With pictures excluded, output exactly the lines that run from the first line of the data below through the line containing "Modern Luxury Oval".

________________________

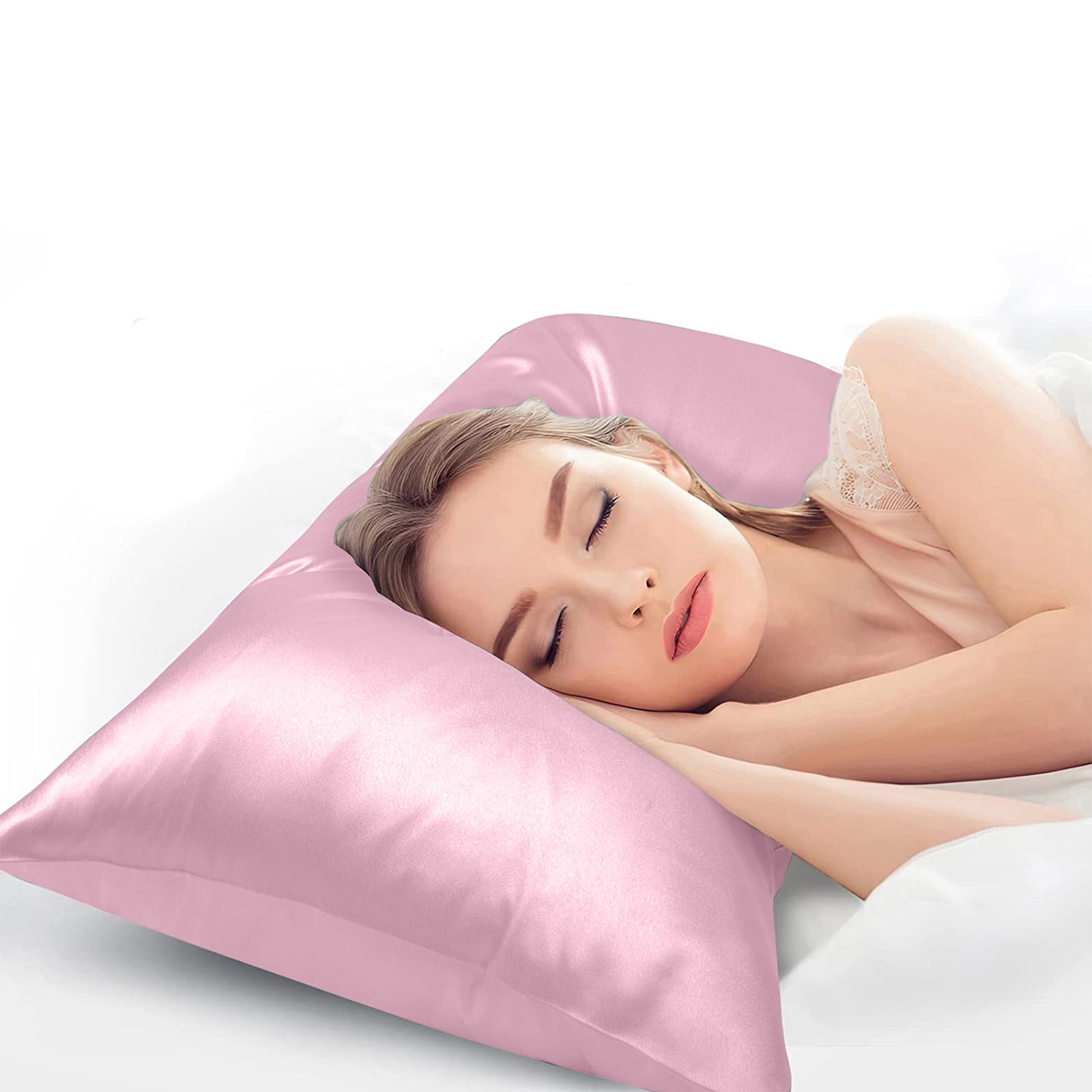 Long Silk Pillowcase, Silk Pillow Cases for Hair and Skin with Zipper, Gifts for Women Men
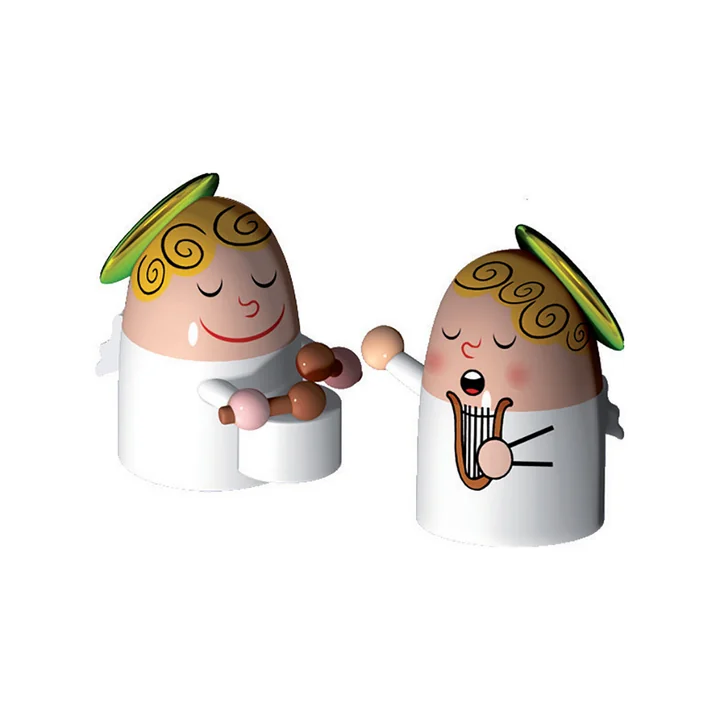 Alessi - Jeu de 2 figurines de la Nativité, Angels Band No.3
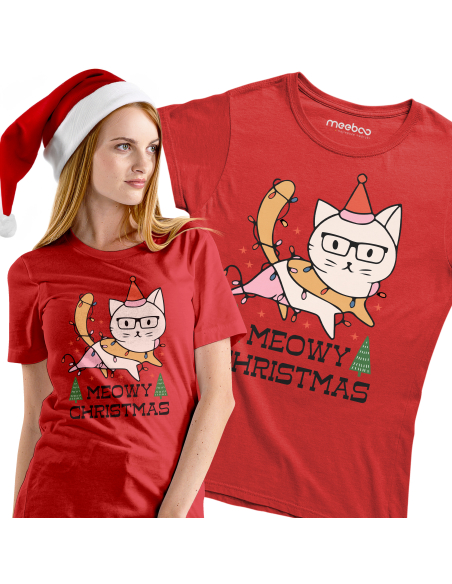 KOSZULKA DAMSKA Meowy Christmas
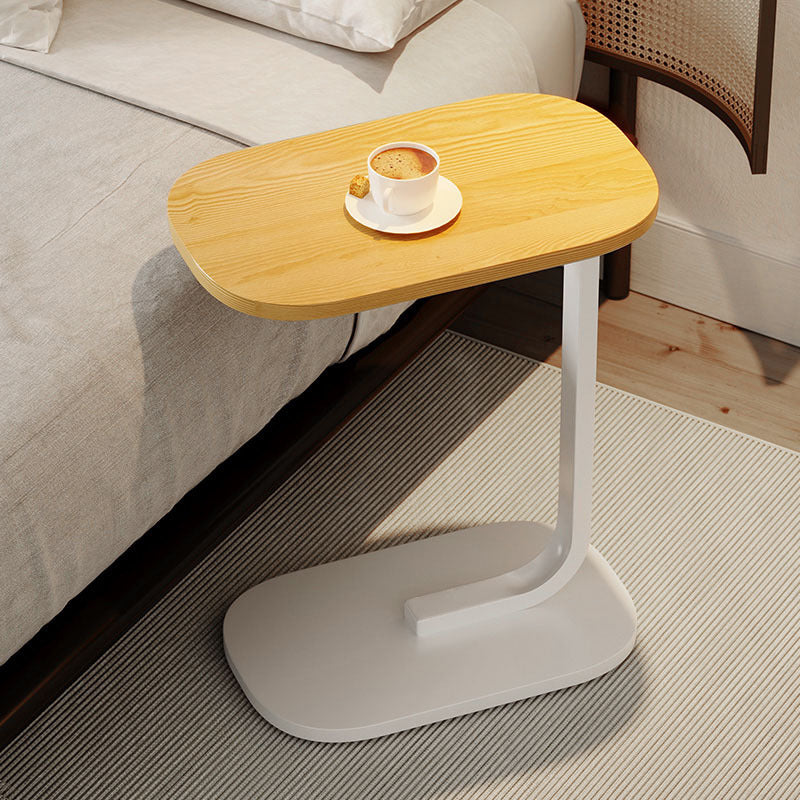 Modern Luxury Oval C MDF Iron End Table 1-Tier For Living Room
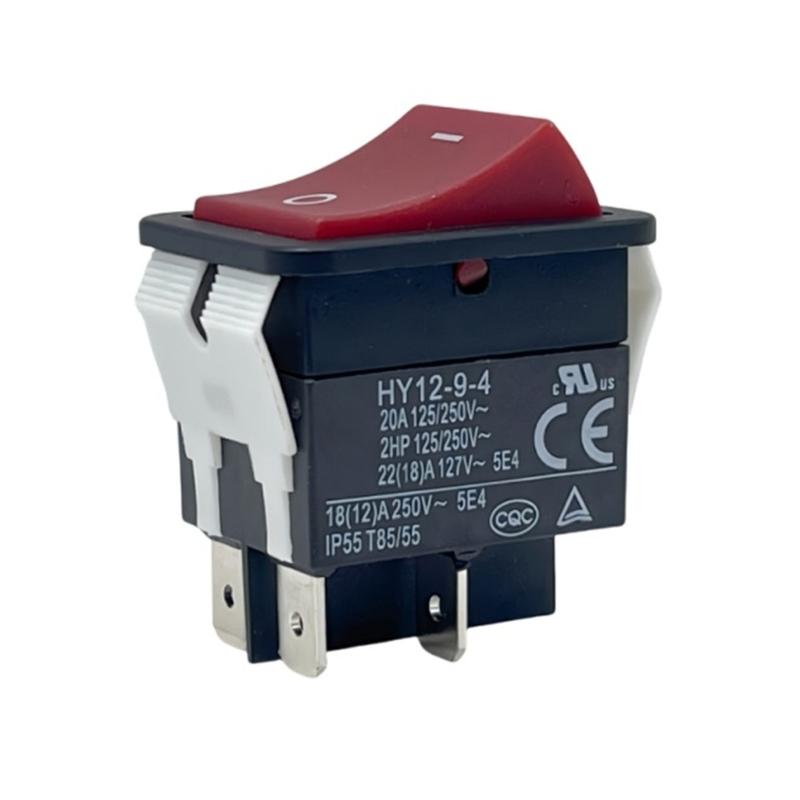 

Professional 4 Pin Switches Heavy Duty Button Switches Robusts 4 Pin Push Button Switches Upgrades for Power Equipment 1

________________________

▶ [YOUR SOLUTION]:
 Long Silk Pillowcase, Silk Pillow Cases for Hair and Skin with Zipper, Gifts for Women Men
 Alessi - Jeu de 2 figurines de la Nativité, Angels Band No.3
 KOSZULKA DAMSKA Meowy Christmas
 Modern Luxury Oval C MDF Iron End Table 1-Tier For Living Room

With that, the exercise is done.